Ayat (4) Cukup jelas. Ayat (5) Cukup jelas. Angka 7 Pasal 15 Ayat (1) Huruf a Yang dimaksud dengan pengurusan perpindahan adalah bantuan pengangkutan dari tempat asal sampai dengan Permukiman Transmigrasi. Pengurusan penempatan dapat dilakukan dengan menyediakan rumah singgah yang digunakan secara kolektif untuk jangka waktu tertentu pada awal kedatangan. Huruf b Bimbingan mendapatkan lapangan kerja/usaha dimaksudkan untuk mempertemukan antara lowongan lapangan kerja atau kesempatan berusaha di Kawasan Transmigrasi dengan kemampuan transmigran. Fasilitasi mendapatkan lahan usaha dimaksudkan untuk memberikan arahan kepada transmigran dalam memperoleh lahan usaha di Kawasan Transmigrasi yang sesuai dengan rencana tata ruang. Huruf c Cukup jelas. Huruf d Bantuan bimbingan, pengembangan, dan perlindungan hubungan kemitraan usaha diarahkan untuk menjamin keberlangsungan hubungan kemitraan yang adil, setara, dan saling menguntungkan. Ayat (2) Cukup jelas. Ayat (3) Cukup jelas. Ayat (4) Cukup jelas.

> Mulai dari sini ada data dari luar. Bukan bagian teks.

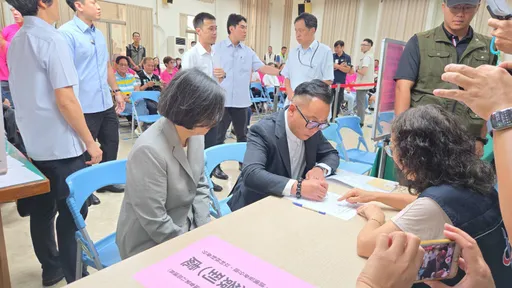 童子瑋登記參選！小英力挺任競總主委 　齊喊「擺脫停滯、走向未來」
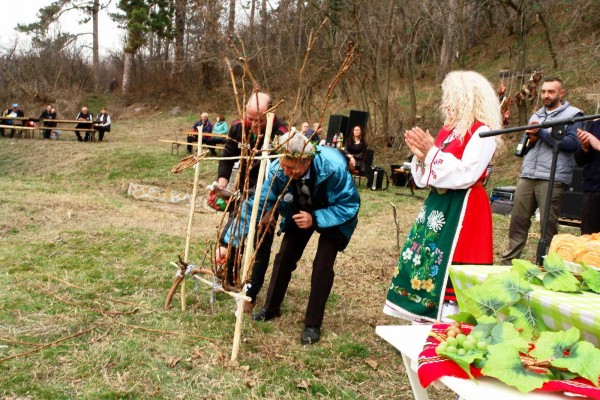 По стар обичай, Шипка отбеляза Трифон Зарезан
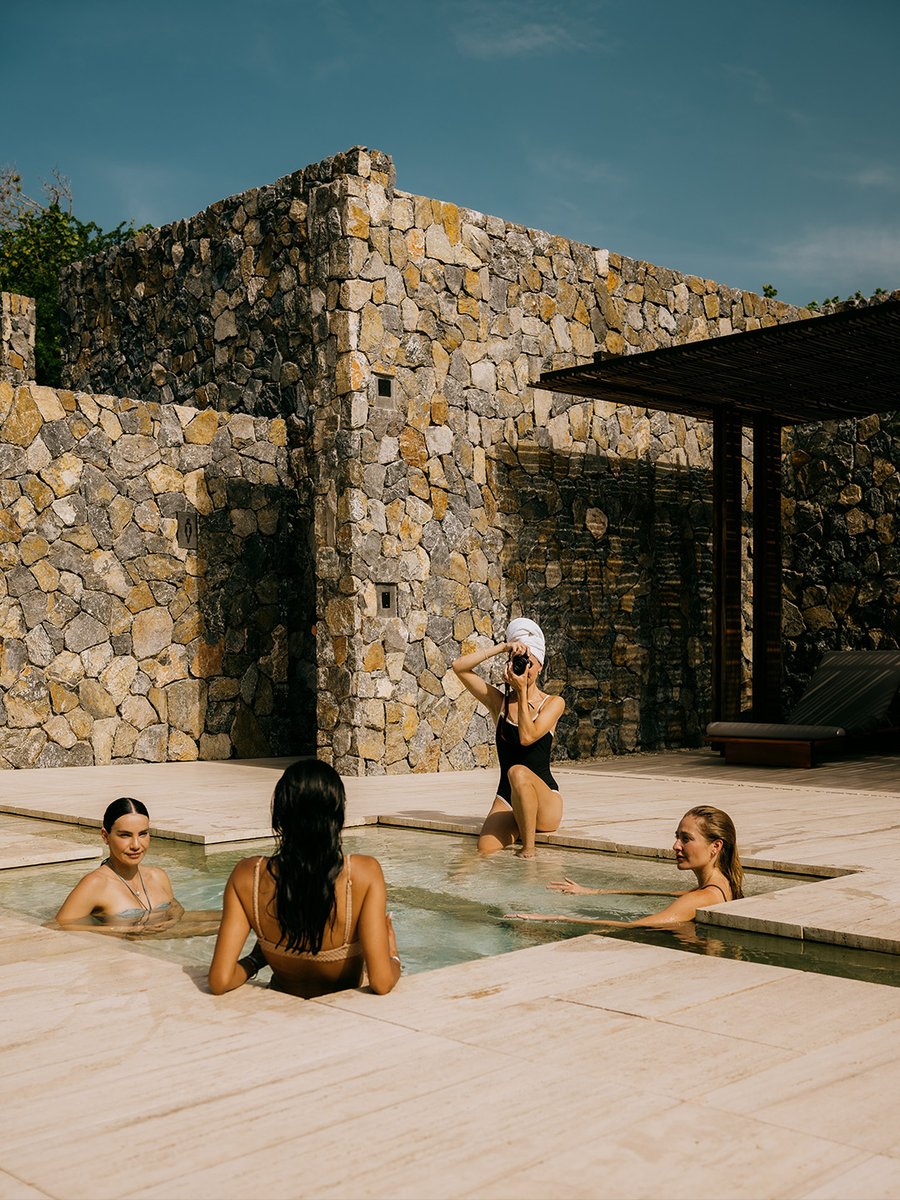 FSTamarindo's tweet image. Experience the art of renewal at the Spa at Tamarindo where nature surrounds, balance is restored and time slowly fades away.

#FSTamarindo #FSWellness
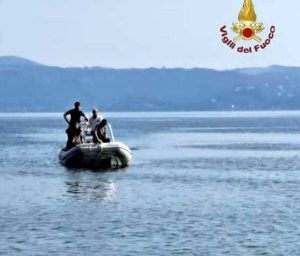 Vigili del fuoco sul lago di Bracciano (foto di repertorio)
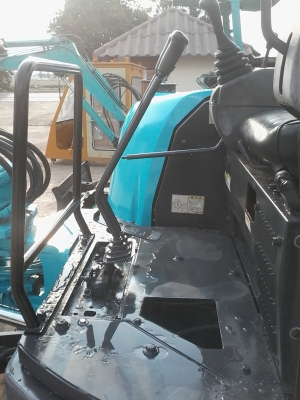 ขายด่วน รถขุดเล็ก  ยีห้อ KOBELCO 40SR คอนโทรลน้ำมัน ปั้มนิ้ว เครื่องยนต์ 3TNE88 3สูบ เก่าจากนอก เช็ดสภาพแล้วพร้อมทำงาน  ขายราคา460,000 บาท
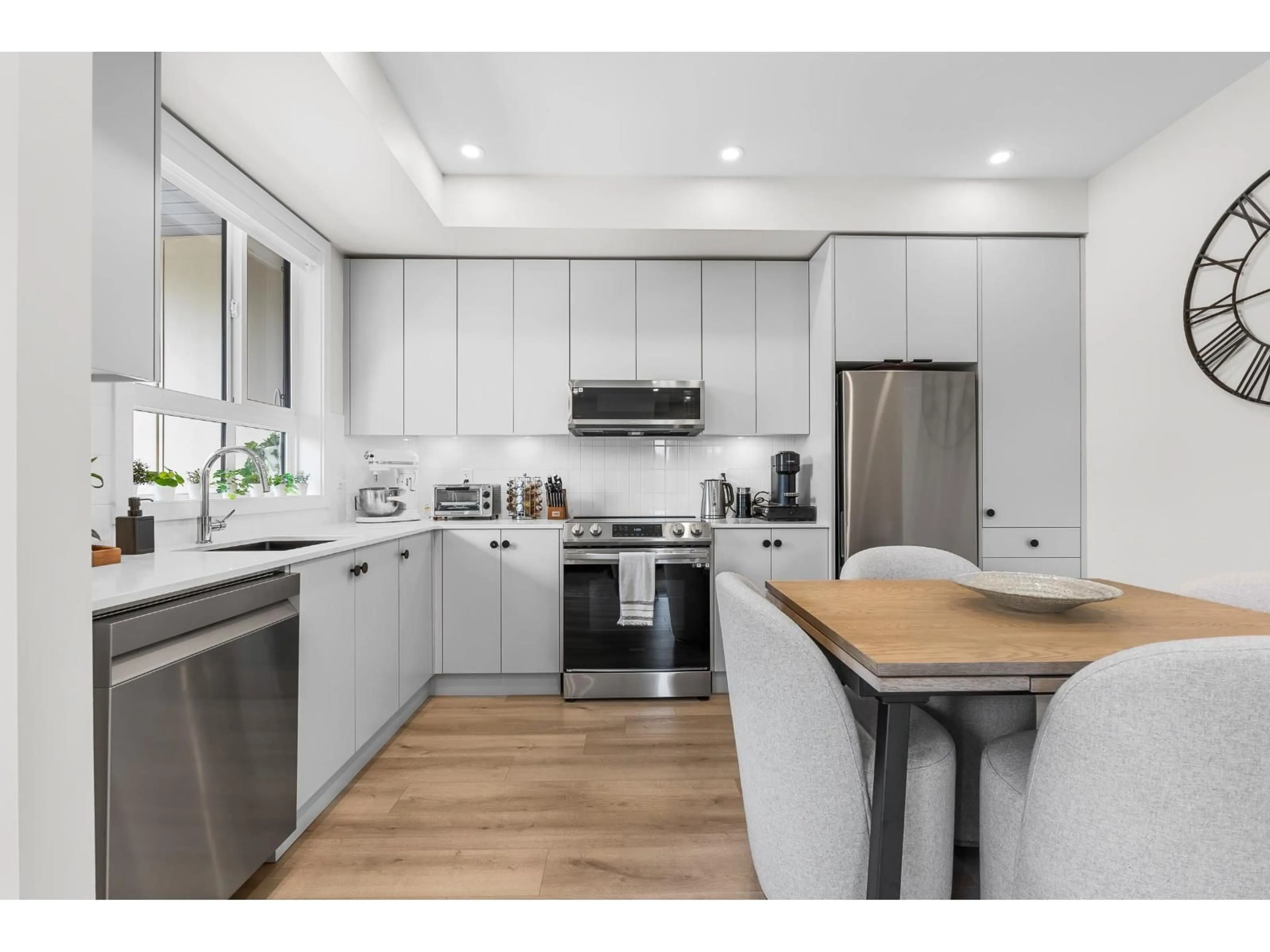 Open concept kitchen, unknown for 312 - 45505 CAMPUS DRIVE, Chilliwack British Columbia V2R6L2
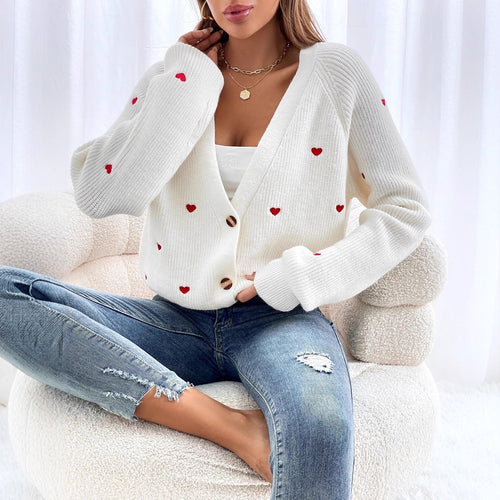 Dame cardigan med hjerteapplikasjoner og knappelukking Skjora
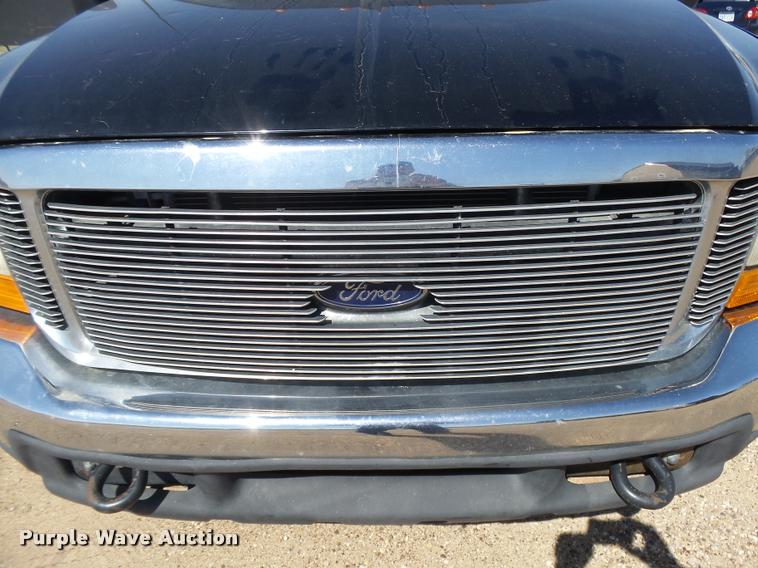 image for item DB2517 2001 Ford F250 Super Duty Crew Cab pickup truck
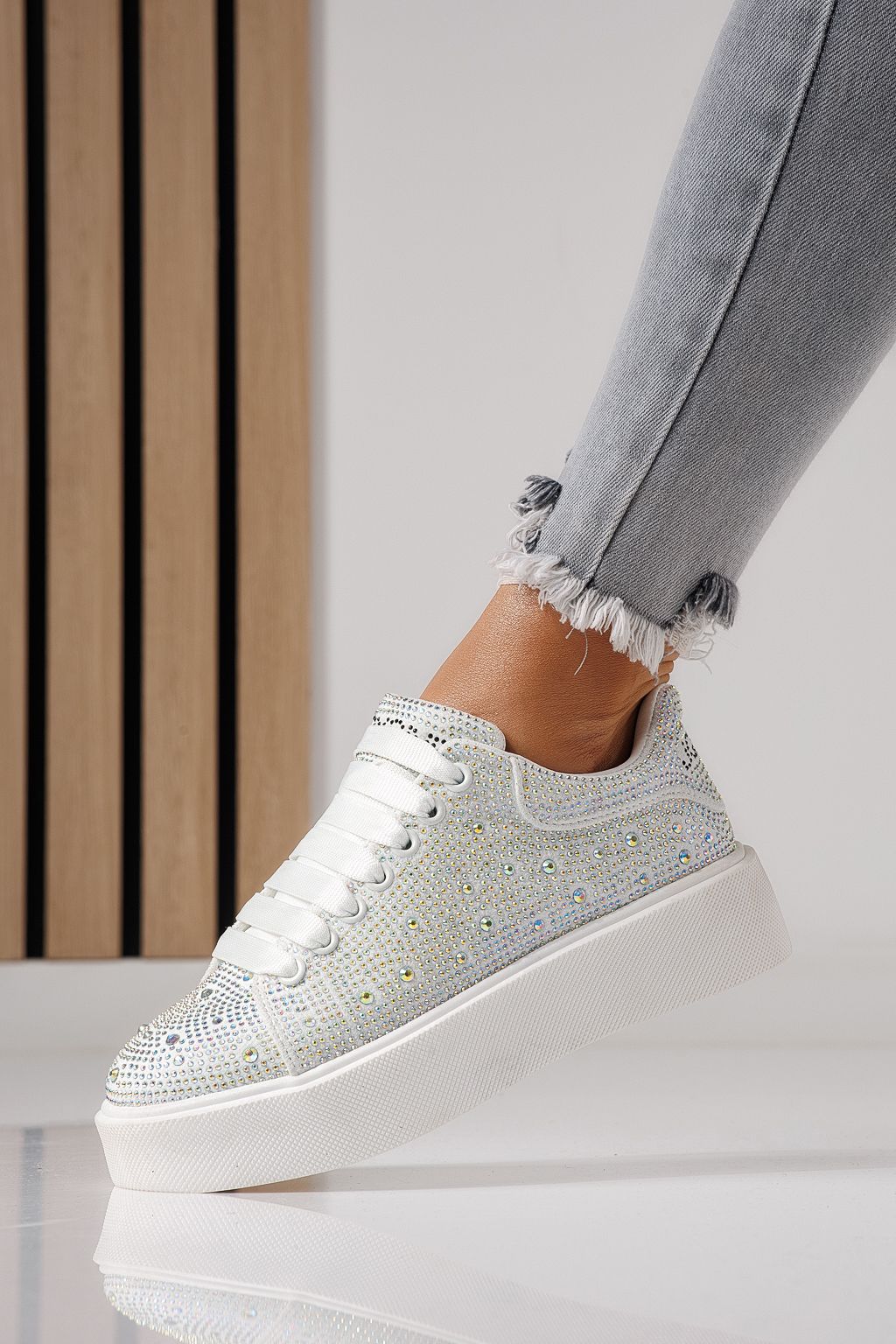 Дамски маратонки бели от текстилен материал Ellania #24090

Angka 8 Pasal 25 Ayat (1) Permukiman yang layak huni ditetapkan sebelum penempatan transmigran dengan memperhatikan kesiapan bangunan rumah termasuk ketersediaan sarana air bersih serta fasilitas pelayanan umum dan fasilitas sosial, dan terbukanya aksesibilitas, baik dengan pusat pemasaran maupun dengan pusat kegiatan lain. Permukiman yang layak usaha berkenaan dengan tersedianya kesempatan kerja dan peluang usaha di permukiman yang dapat menjamin kehidupan transmigran. Permukiman yang layak berkembang mengandung arti bahwa sarana dan prasarana usaha di permukiman mampu memacu tumbuh kembangnya kehidupan sosial, ekonomi, dan budaya untuk meningkatkan kesejahteraan transmigran. Ayat (2) Cukup jelas. Ayat (3)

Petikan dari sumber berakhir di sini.